# Beards and respirators



## Navyguy (Mar 15, 2010)

It really depends on the environment and the type of respirator you will get / need.

If it is a "re-breathing" type; the type that either takes your exhaled breath and filters it (Chemox) or if you are drawing air from outside the mask, then you need to have a seal to prevent infiltration.

If it is a "positive air flow" type; the type that comes with a tank and puts air into your breathing mask / hood, then the seal is less important.

When I was a maintenance supervisor, we had ammonia refrigeration system; all the mechanics that worked on it had to be fit tested and needed to be clean shaven for every shift. Although we had a positive air flow system for prolonged exposure, all the emergency / escape masks were the seal type.

On the Navy ship(s) everyone is clean shaven...

Cheers
John


----------



## CoolWill (Jan 5, 2019)

It's fundamentally a matter of balancing the desire to stay healthy with the deaire to have the money. If shaving your beard is worth it to you, do it. But if you value your face hair, tell them to pound walnuts.


----------



## just the cowboy (Sep 4, 2013)

Depends on their rules, the guys I work with Shave for the once a year test. They have full beards all year round. They just keep the stuff to shave if needed IF they have to go into a situation that requires one.


----------



## drsparky (Nov 13, 2008)

I keep a beard because I am ugly and it hides some of the ugliness.:thumbup1:


----------



## B-Nabs (Jun 4, 2014)

Well it looks like if I want to take this job I'll have to shave. Unless I want to spend a couple grand on a powered respirator. Which I don't. 

Sent from my SM-G920W8 using Tapatalk


----------



## zac (May 11, 2009)

B-Nabs said:


> Well it looks like if I want to take this job I'll have to shave. Unless I want to spend a couple grand on a powered respirator. Which I don't.
> 
> Sent from my SM-G920W8 using Tapatalk


Sorry B...I always thought you were a chick! [emoji23][emoji23][emoji23][emoji23]

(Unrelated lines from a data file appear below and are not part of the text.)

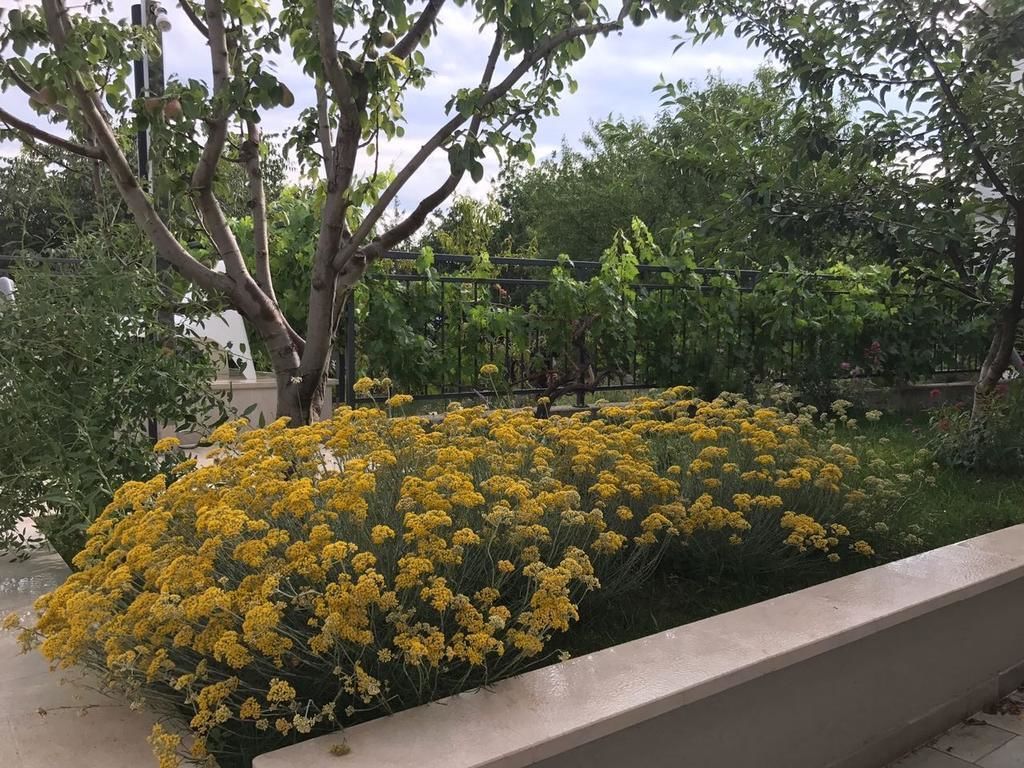 庭園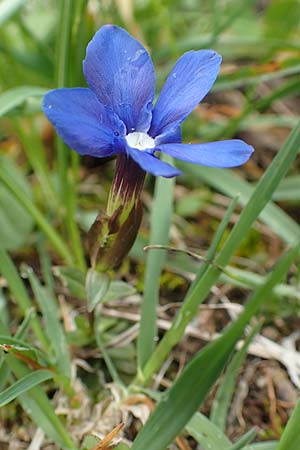 Gentiana verna / Spring Gentian, A Carinthia, Feistritz im Rosental 17.5.2016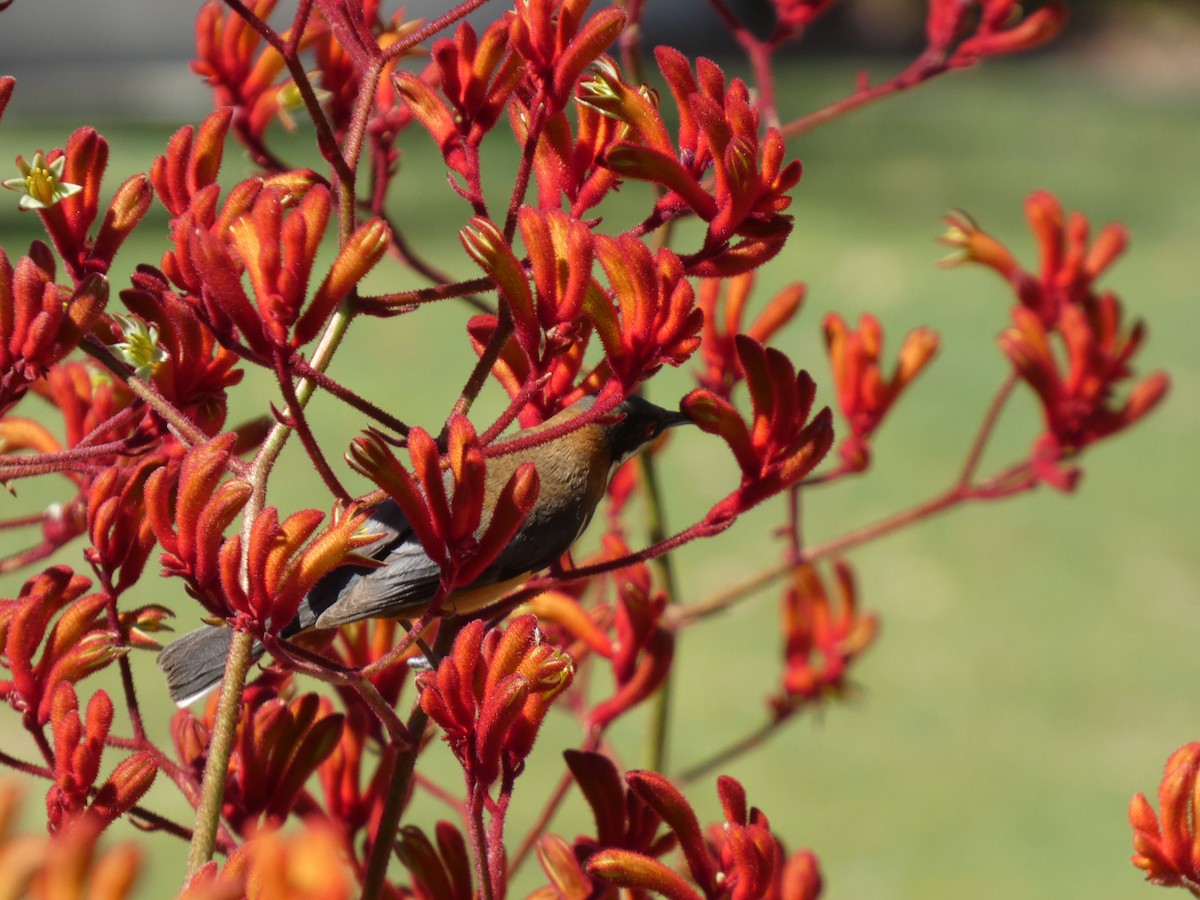 Eastern Spinebill - ML646960964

Sent from my SM-G950U using Tapatalk


----------



## B-Nabs (Jun 4, 2014)

zac said:


> Sorry B...I always thought you were a chick! [emoji23][emoji23][emoji23][emoji23]
> 
> Sent from my SM-G950U using Tapatalk


I mean, who says I'm not? 

Sent from my SM-G920W8 using Tapatalk


----------



## cloudy33 (Nov 6, 2019)

Too bad mine was not that thick but opted to shave it.


----------



## JRaef (Mar 23, 2009)

I sport a beard, my wife threatens to leave me every time I have to shave it off. But occasionally I have to do refinery work in areas where I am required to carry a rescue respirator, so no beards allowed. I shave it off, do the project, then start growing it back before she finds a lawyer.


----------



## joebanana (Dec 21, 2010)

JRaef said:


> I sport a beard, my wife threatens to leave me every time I have to shave it off. But occasionally I have to do refinery work in areas where I am required to carry a rescue respirator, so no beards allowed. I shave it off, do the project, then start growing it back before she finds a lawyer.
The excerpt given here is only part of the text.